[Task description]
Would you set down the data that follows, word for word, without any pictures?

[Record set]
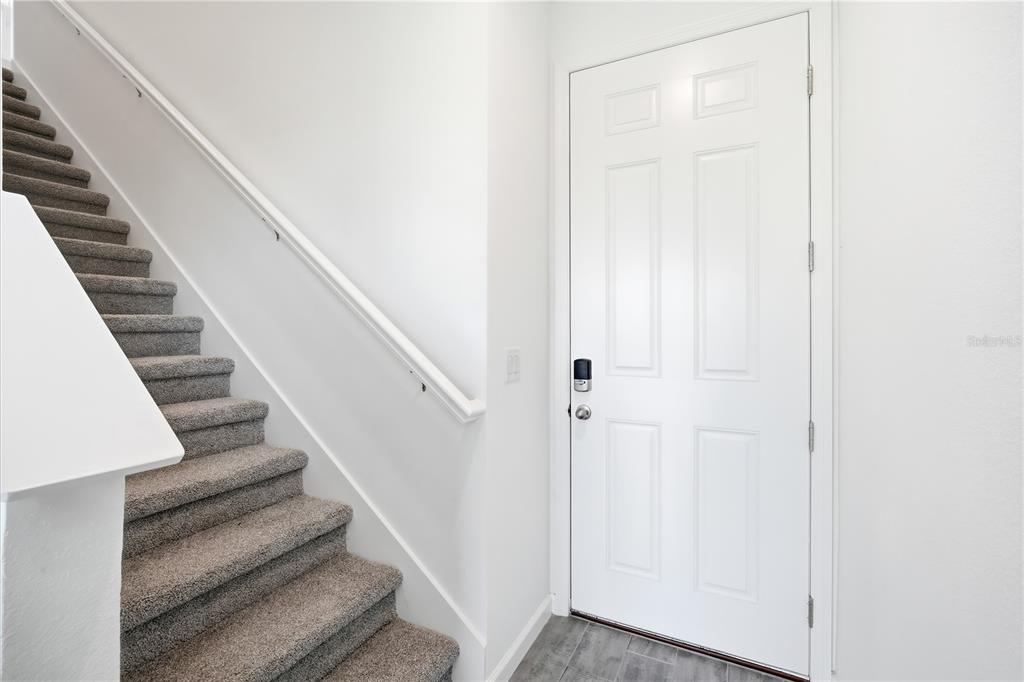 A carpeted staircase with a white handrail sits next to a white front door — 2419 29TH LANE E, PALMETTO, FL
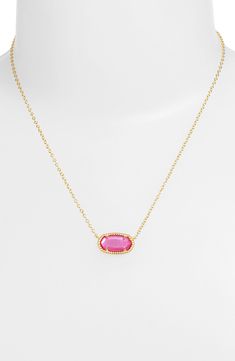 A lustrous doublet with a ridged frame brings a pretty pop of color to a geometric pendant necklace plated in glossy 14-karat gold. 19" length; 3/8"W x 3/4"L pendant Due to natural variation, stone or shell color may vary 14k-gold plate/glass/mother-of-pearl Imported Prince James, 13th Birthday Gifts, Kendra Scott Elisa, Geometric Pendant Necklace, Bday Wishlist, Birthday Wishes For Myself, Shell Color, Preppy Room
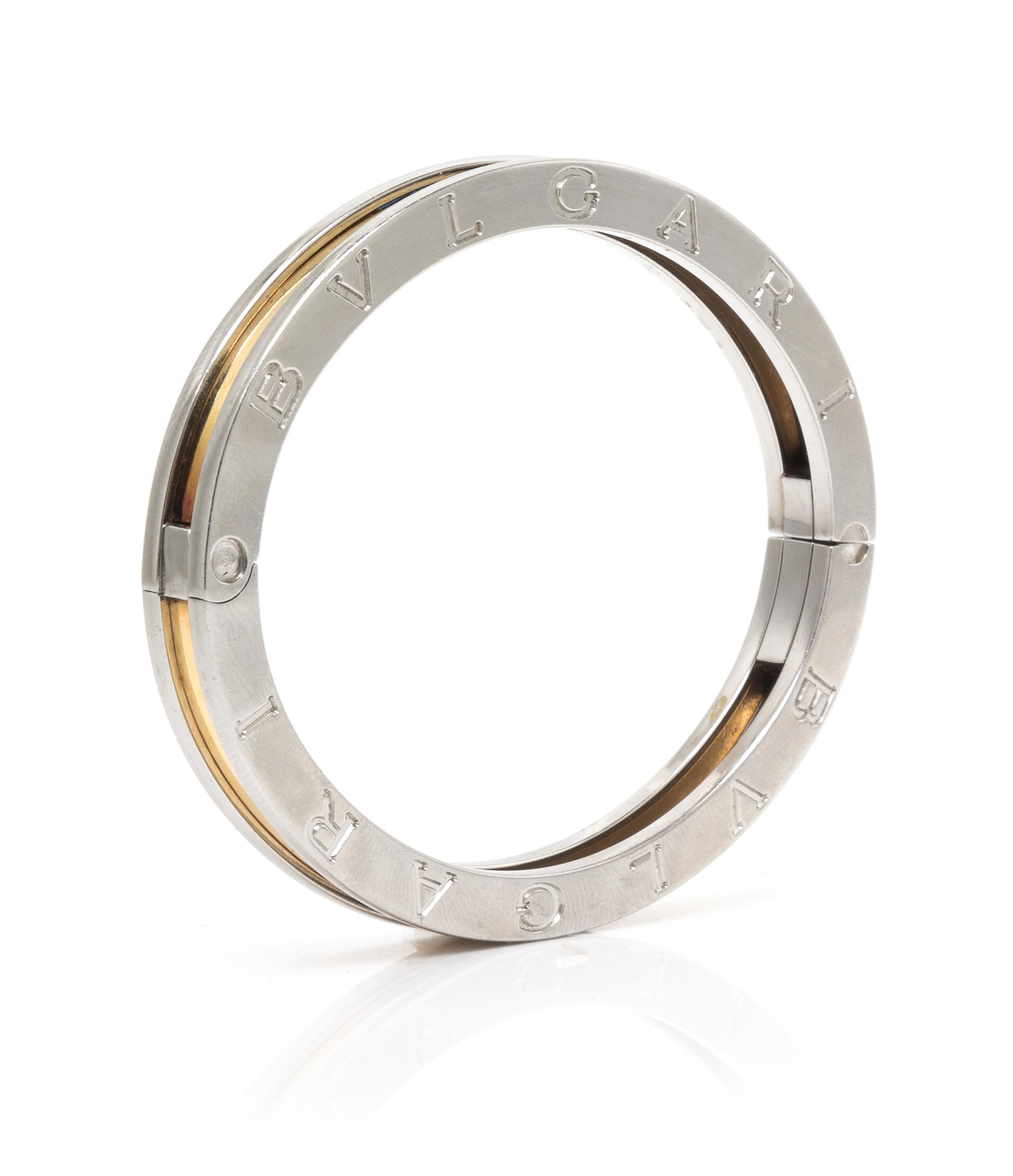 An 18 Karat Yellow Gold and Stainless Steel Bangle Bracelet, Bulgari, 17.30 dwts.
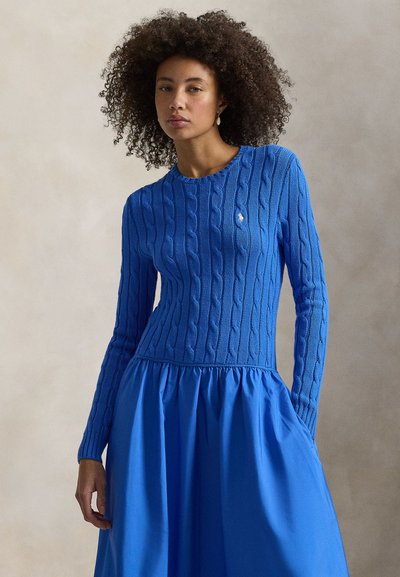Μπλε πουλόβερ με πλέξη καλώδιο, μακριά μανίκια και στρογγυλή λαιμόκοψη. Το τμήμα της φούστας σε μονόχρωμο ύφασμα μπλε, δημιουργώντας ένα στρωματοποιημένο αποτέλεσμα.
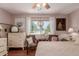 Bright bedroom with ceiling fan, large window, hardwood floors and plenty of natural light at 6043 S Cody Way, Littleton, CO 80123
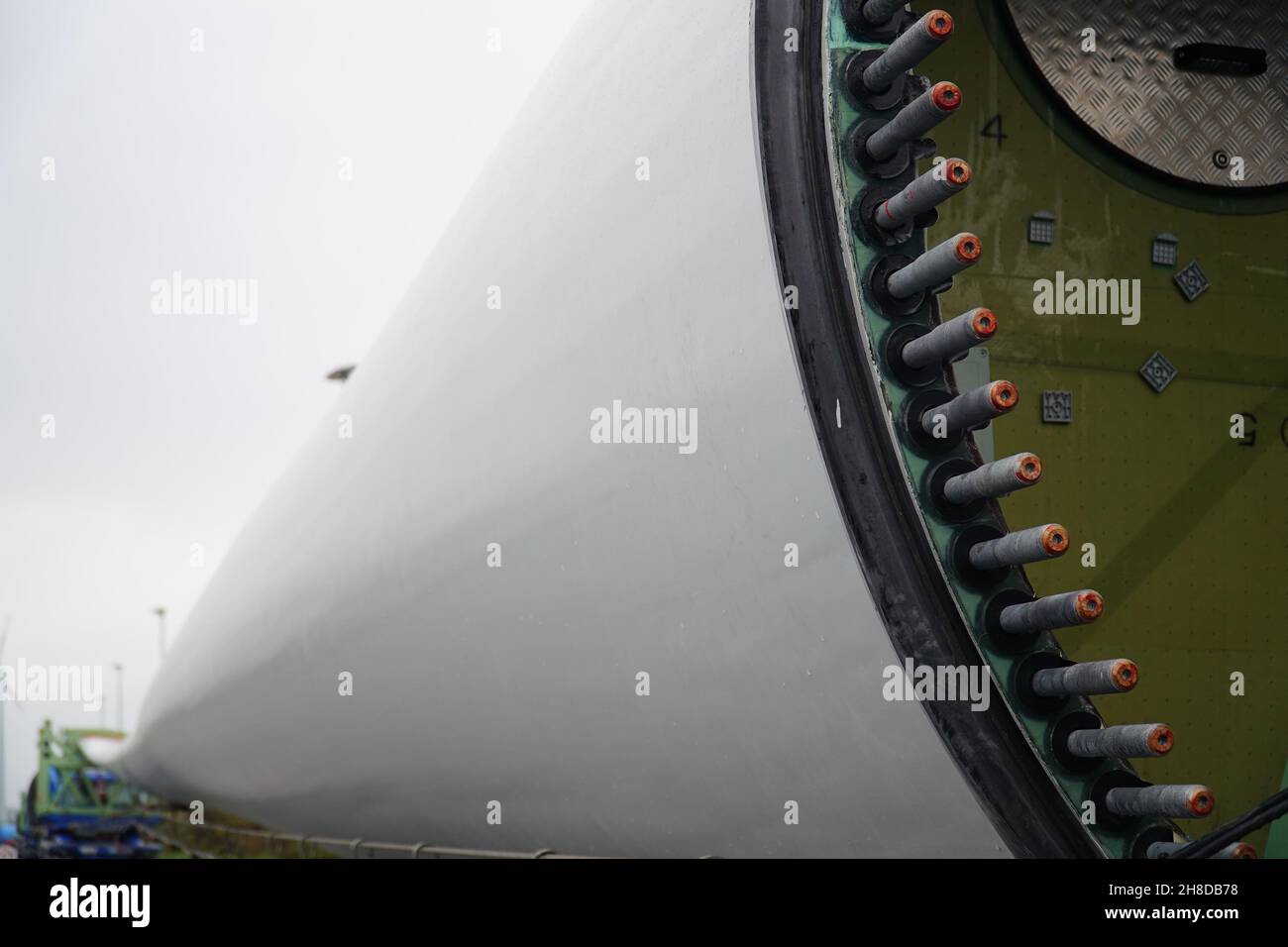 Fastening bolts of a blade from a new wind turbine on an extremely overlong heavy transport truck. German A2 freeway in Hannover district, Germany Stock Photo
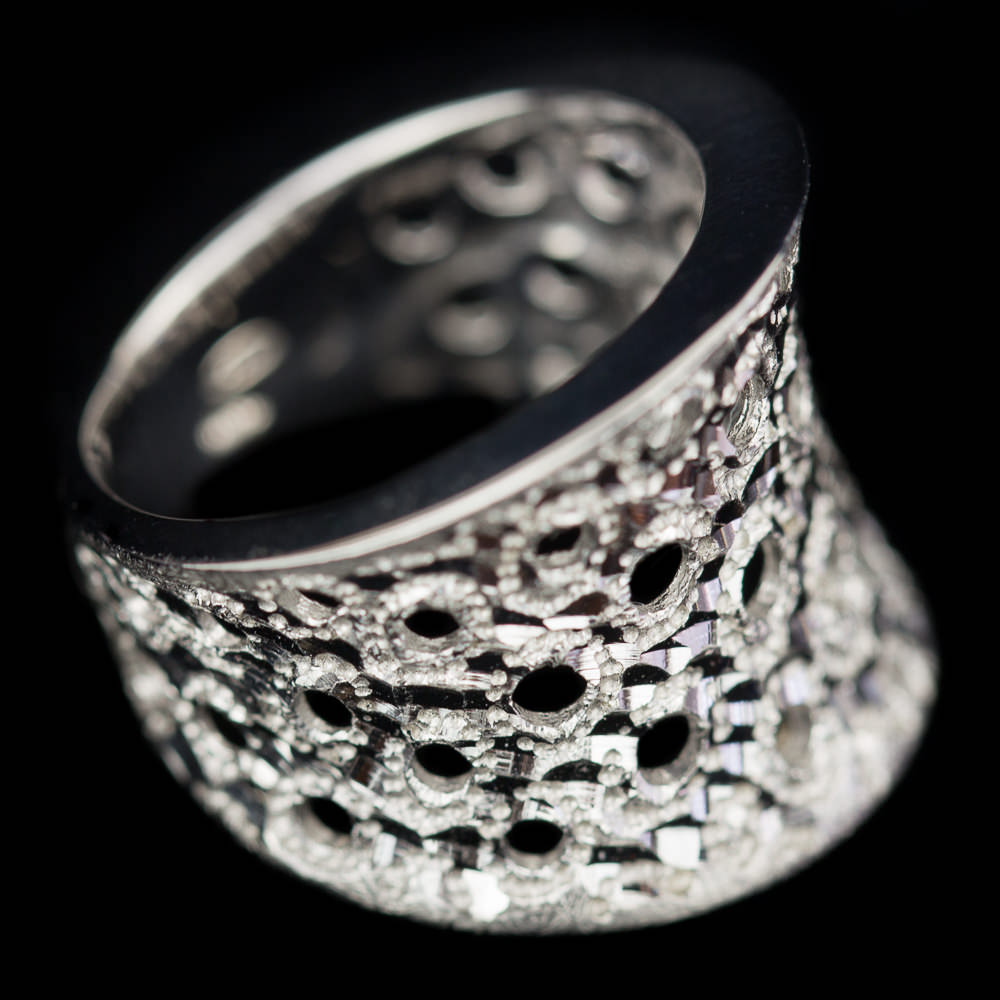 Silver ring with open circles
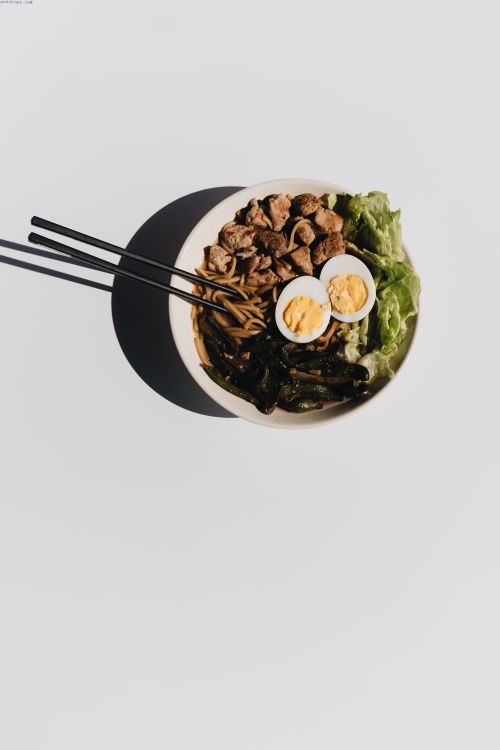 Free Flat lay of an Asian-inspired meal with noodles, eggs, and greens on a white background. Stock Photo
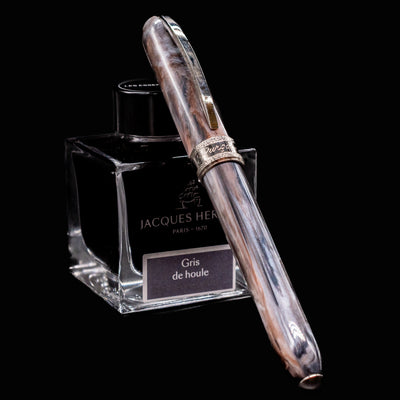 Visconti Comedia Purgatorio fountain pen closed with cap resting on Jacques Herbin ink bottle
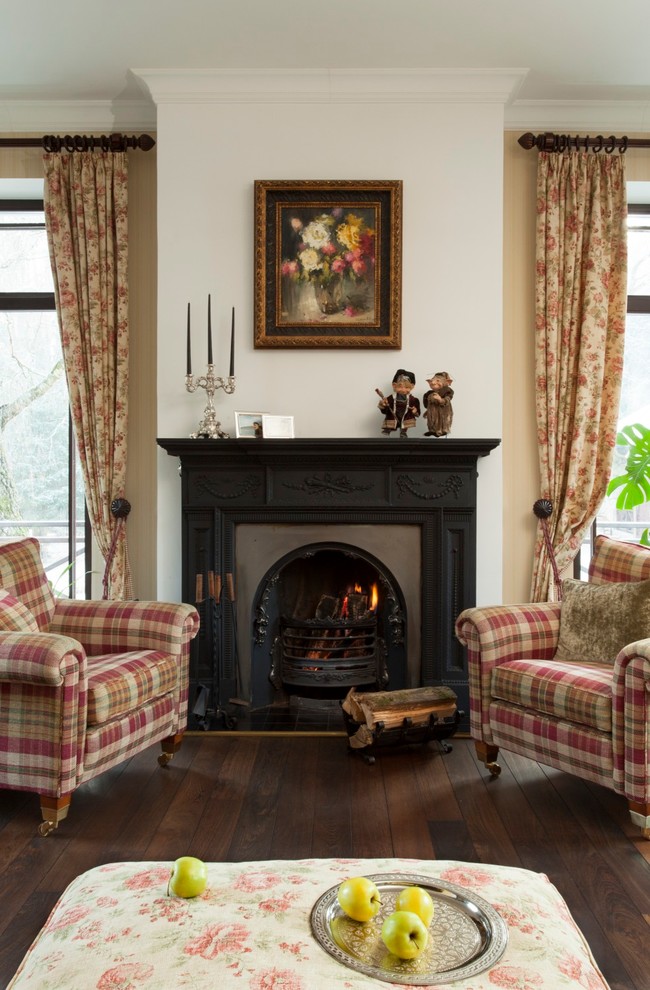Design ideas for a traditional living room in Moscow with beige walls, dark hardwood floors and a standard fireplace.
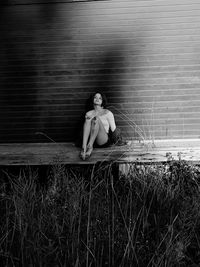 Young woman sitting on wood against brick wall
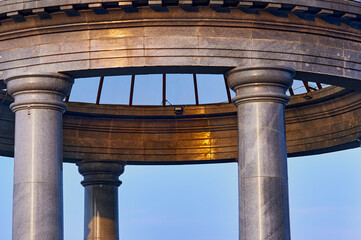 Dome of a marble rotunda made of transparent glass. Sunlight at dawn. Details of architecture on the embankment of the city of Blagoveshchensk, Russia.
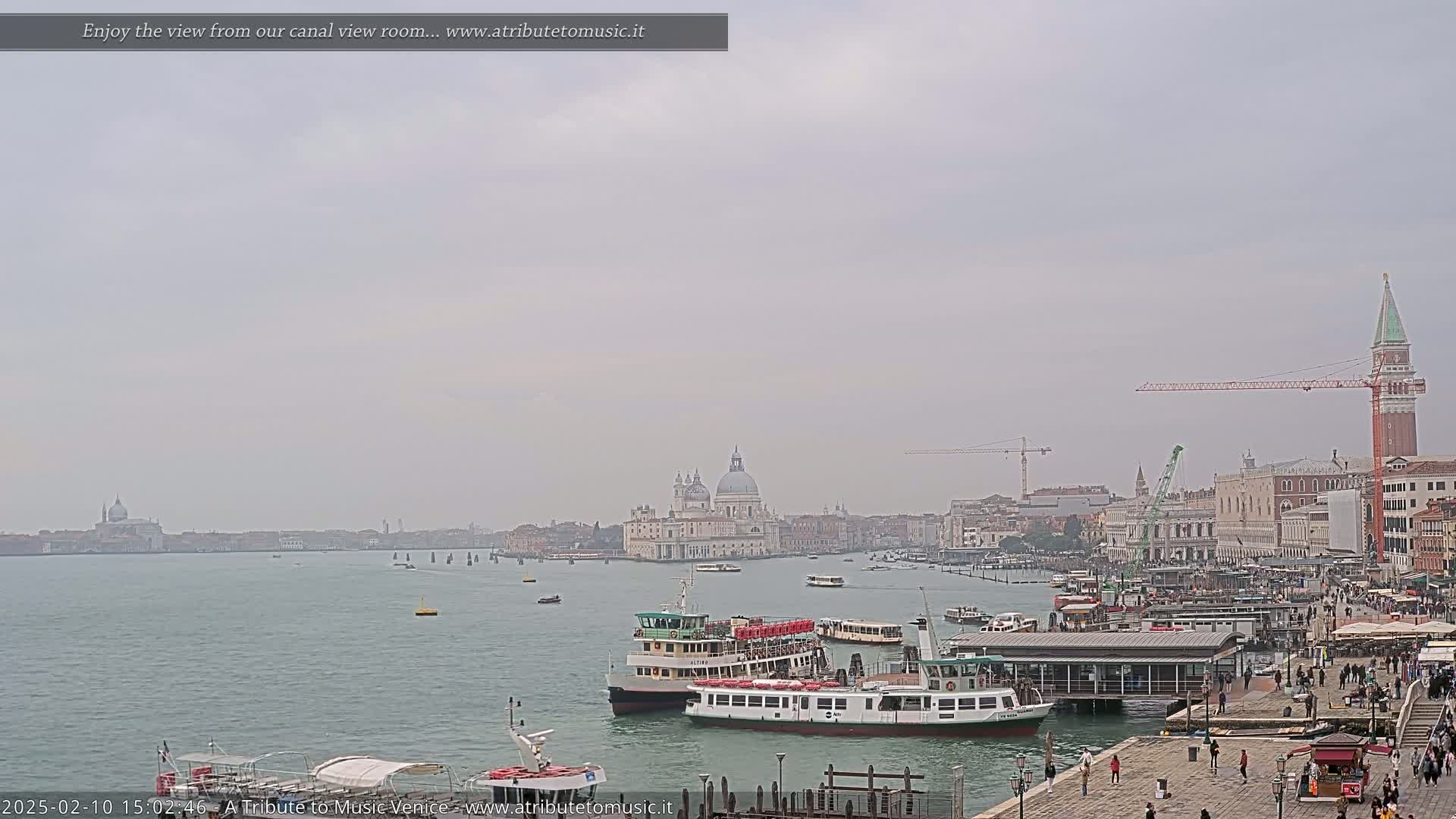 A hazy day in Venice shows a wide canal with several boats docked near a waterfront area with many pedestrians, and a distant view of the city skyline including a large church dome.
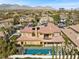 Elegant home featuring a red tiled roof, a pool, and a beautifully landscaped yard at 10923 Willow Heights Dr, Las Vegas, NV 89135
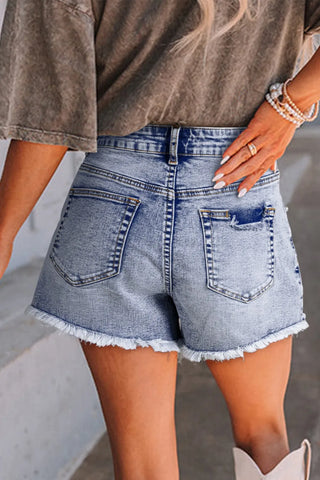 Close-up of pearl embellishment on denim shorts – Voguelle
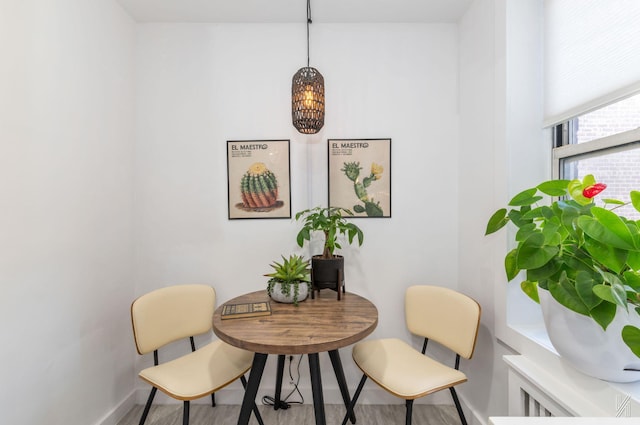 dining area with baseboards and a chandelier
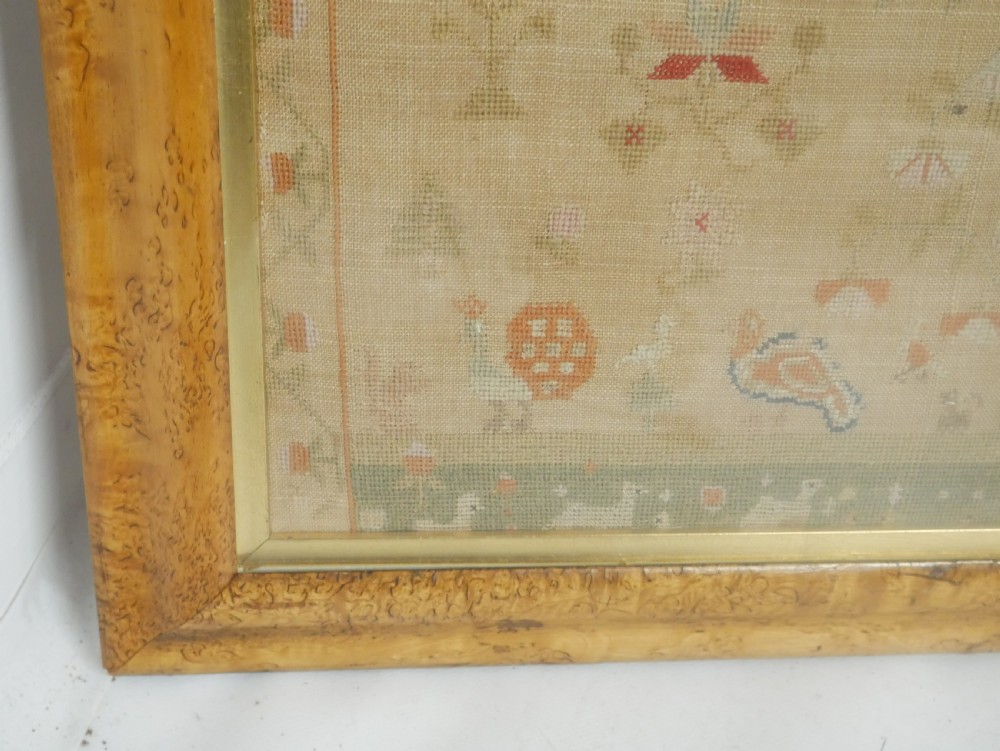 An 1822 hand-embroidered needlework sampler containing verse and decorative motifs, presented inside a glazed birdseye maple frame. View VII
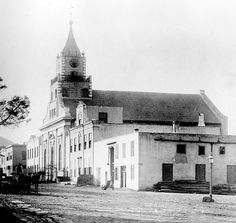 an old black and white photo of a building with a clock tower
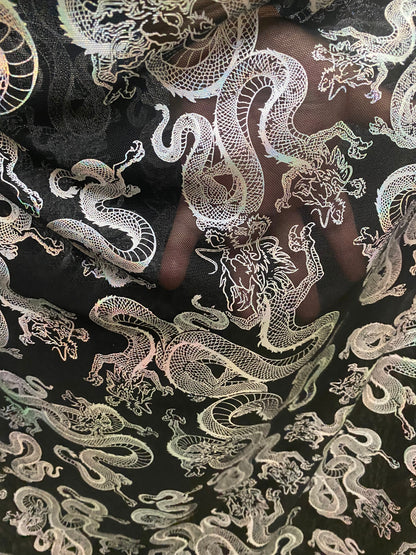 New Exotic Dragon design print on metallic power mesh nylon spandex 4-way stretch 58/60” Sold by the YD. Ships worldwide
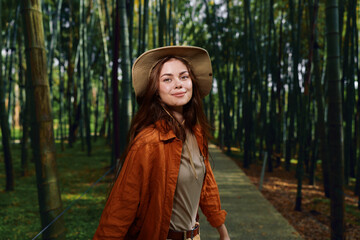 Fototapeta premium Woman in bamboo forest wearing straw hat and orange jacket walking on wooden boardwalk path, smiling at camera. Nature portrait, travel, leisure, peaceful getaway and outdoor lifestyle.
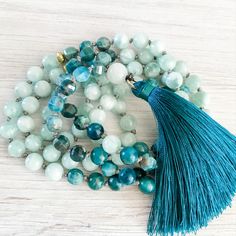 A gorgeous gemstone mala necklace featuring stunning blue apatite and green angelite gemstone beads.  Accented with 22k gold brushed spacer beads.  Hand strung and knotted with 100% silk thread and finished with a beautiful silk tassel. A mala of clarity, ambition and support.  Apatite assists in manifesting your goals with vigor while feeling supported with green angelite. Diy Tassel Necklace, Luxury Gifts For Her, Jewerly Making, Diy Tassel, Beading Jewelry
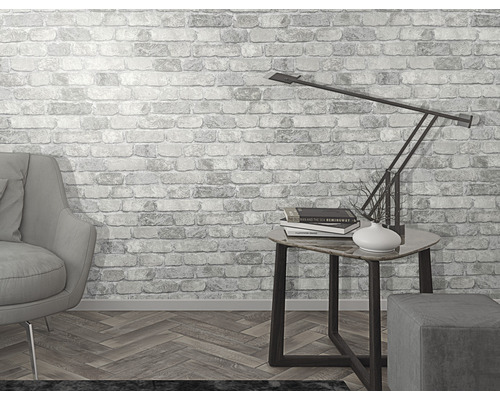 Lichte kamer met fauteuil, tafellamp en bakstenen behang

[Written solution]
 A carpeted staircase with a white handrail sits next to a white front door — 2419 29TH LANE E, PALMETTO, FL
 A lustrous doublet with a ridged frame brings a pretty pop of color to a geometric pendant necklace plated in glossy 14-karat gold. 19" length; 3/8"W x 3/4"L pendant Due to natural variation, stone or shell color may vary 14k-gold plate/glass/mother-of-pearl Imported Prince James, 13th Birthday Gifts, Kendra Scott Elisa, Geometric Pendant Necklace, Bday Wishlist, Birthday Wishes For Myself, Shell Color, Preppy Room
 An 18 Karat Yellow Gold and Stainless Steel Bangle Bracelet, Bulgari, 17.30 dwts.
Μπλε πουλόβερ με πλέξη καλώδιο, μακριά μανίκια και στρογγυλή λαιμόκοψη. Το τμήμα της φούστας σε μονόχρωμο ύφασμα μπλε, δημιουργώντας ένα στρωματοποιημένο αποτέλεσμα.
 Bright bedroom with ceiling fan, large window, hardwood floors and plenty of natural light at 6043 S Cody Way, Littleton, CO 80123
 Fastening bolts of a blade from a new wind turbine on an extremely overlong heavy transport truck. German A2 freeway in Hannover district, Germany Stock Photo
 Silver ring with open circles
 Free Flat lay of an Asian-inspired meal with noodles, eggs, and greens on a white background. Stock Photo
 Visconti Comedia Purgatorio fountain pen closed with cap resting on Jacques Herbin ink bottle
Design ideas for a traditional living room in Moscow with beige walls, dark hardwood floors and a standard fireplace.
 Young woman sitting on wood against brick wall
 Dome of a marble rotunda made of transparent glass. Sunlight at dawn. Details of architecture on the embankment of the city of Blagoveshchensk, Russia.
 A hazy day in Venice shows a wide canal with several boats docked near a waterfront area with many pedestrians, and a distant view of the city skyline including a large church dome.
 Elegant home featuring a red tiled roof, a pool, and a beautifully landscaped yard at 10923 Willow Heights Dr, Las Vegas, NV 89135
 Close-up of pearl embellishment on denim shorts – Voguelle
 dining area with baseboards and a chandelier
 An 1822 hand-embroidered needlework sampler containing verse and decorative motifs, presented inside a glazed birdseye maple frame. View VII
 an old black and white photo of a building with a clock tower
 New Exotic Dragon design print on metallic power mesh nylon spandex 4-way stretch 58/60” Sold by the YD. Ships worldwide
 Fototapeta premium Woman in bamboo forest wearing straw hat and orange jacket walking on wooden boardwalk path, smiling at camera. Nature portrait, travel, leisure, peaceful getaway and outdoor lifestyle.
 A gorgeous gemstone mala necklace featuring stunning blue apatite and green angelite gemstone beads.  Accented with 22k gold brushed spacer beads.  Hand strung and knotted with 100% silk thread and finished with a beautiful silk tassel. A mala of clarity, ambition and support.  Apatite assists in manifesting your goals with vigor while feeling supported with green angelite. Diy Tassel Necklace, Luxury Gifts For Her, Jewerly Making, Diy Tassel, Beading Jewelry
 Lichte kamer met fauteuil, tafellamp en bakstenen behang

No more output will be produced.